### Work to complete
Among the lines of the listing below, retype exactly those from the one containing "Altra trucker hat" through the one containing "2018 MINI Countryman Cooper S ALL4", both included. Do not include pictures.

### Provided material
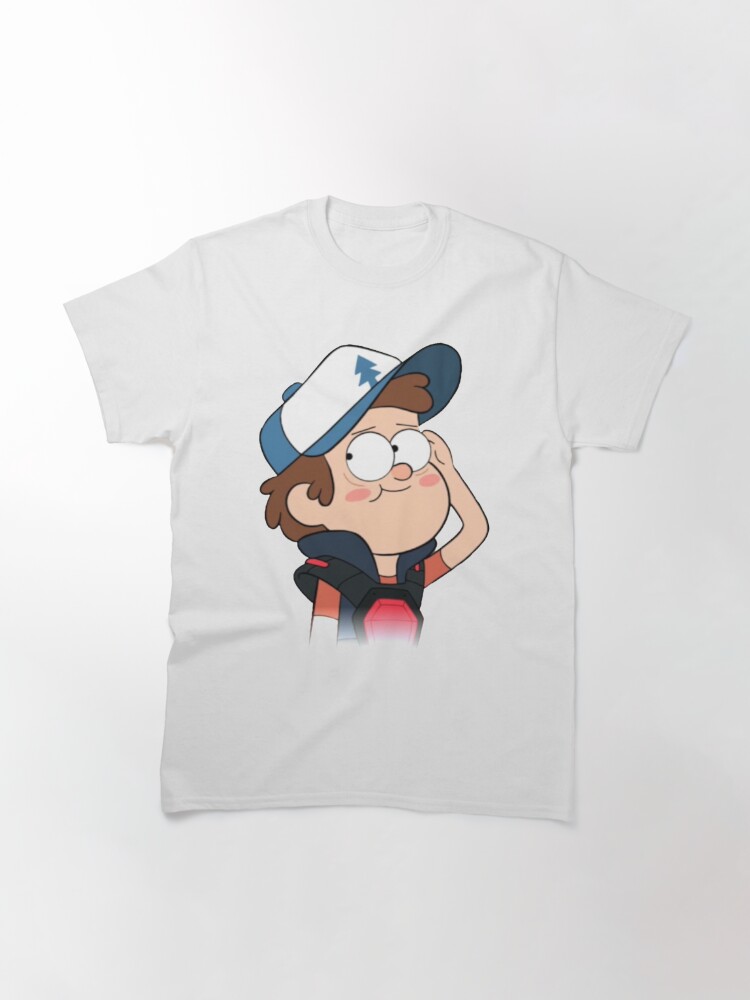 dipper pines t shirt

==

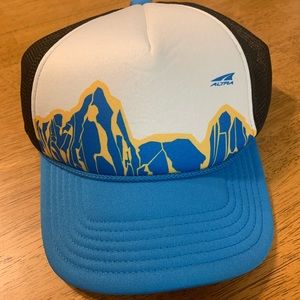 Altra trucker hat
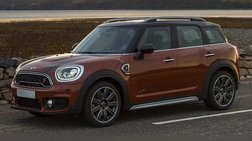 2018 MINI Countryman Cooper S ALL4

### Response for this exercise
 Altra trucker hat
 2018 MINI Countryman Cooper S ALL4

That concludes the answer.